▶ _Exercise details_: Reproduce the data that follows character for character, but omit its pictures.

▶ _Data extract_:
****

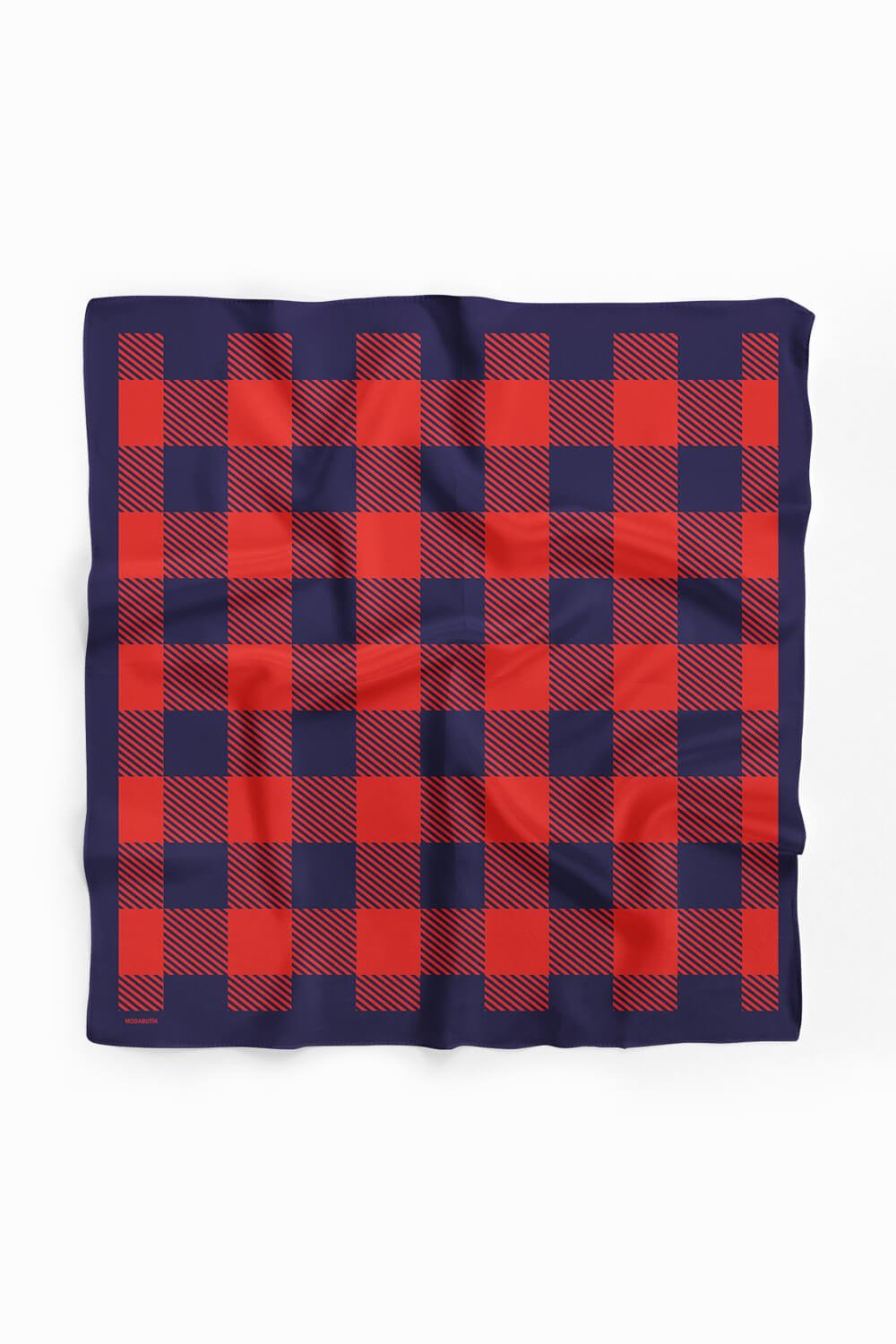 Violla D95 Kadın Ekose Desenli Bandana 50x50 DG0172-22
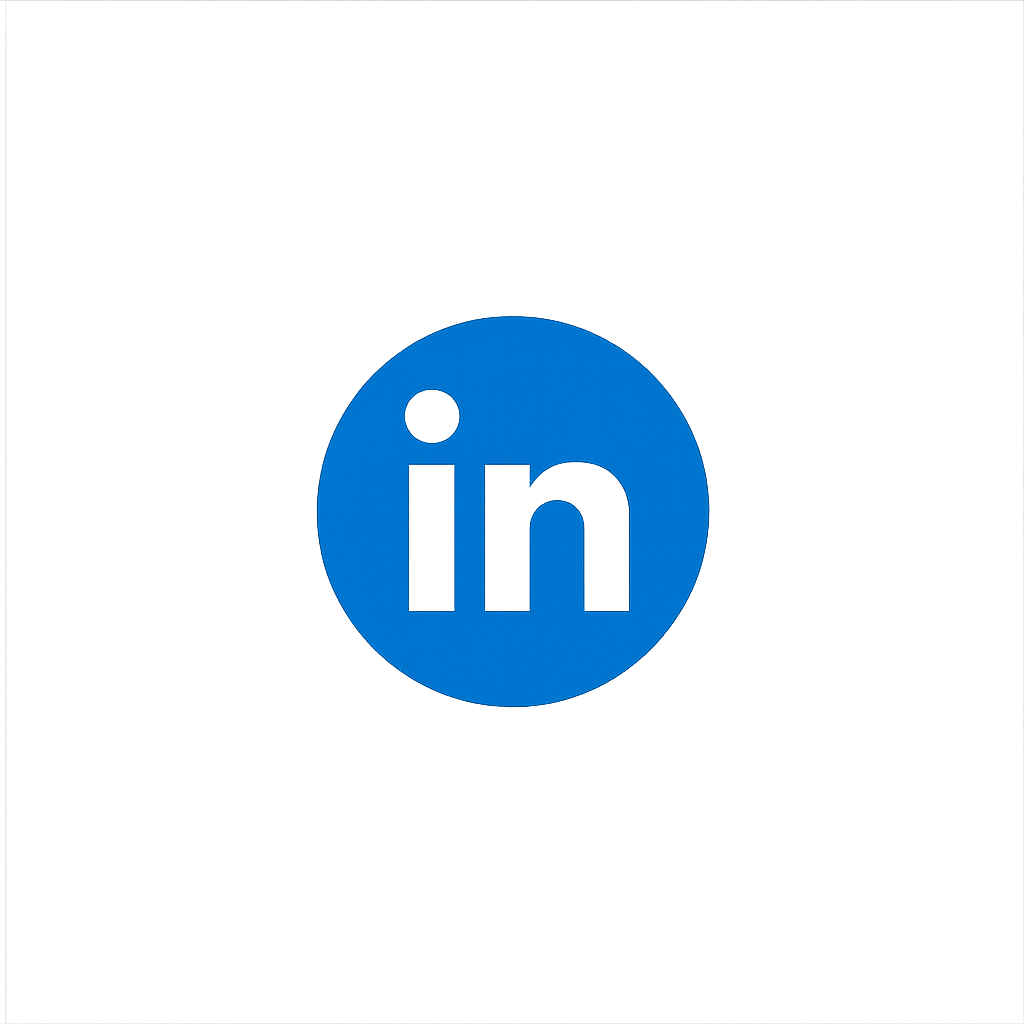 Logo LinkedIn sur fond transparent
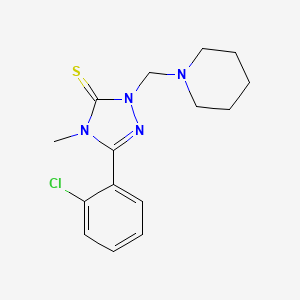 5-(2-chlorophenyl)-4-methyl-2-(piperidin-1-ylmethyl)-2,4-dihydro-3H-1,2,4-triazole-3-thione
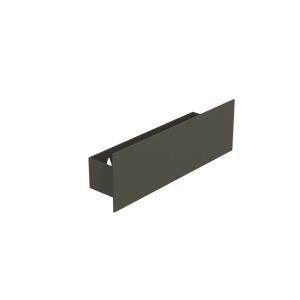 Balmani Uma étagère murale Brushed GunMetal 35 x 8.5 cm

****

▶ _Output for this task_:
 Violla D95 Kadın Ekose Desenli Bandana 50x50 DG0172-22
 Logo LinkedIn sur fond transparent
 5-(2-chlorophenyl)-4-methyl-2-(piperidin-1-ylmethyl)-2,4-dihydro-3H-1,2,4-triazole-3-thione
 Balmani Uma étagère murale Brushed GunMetal 35 x 8.5 cm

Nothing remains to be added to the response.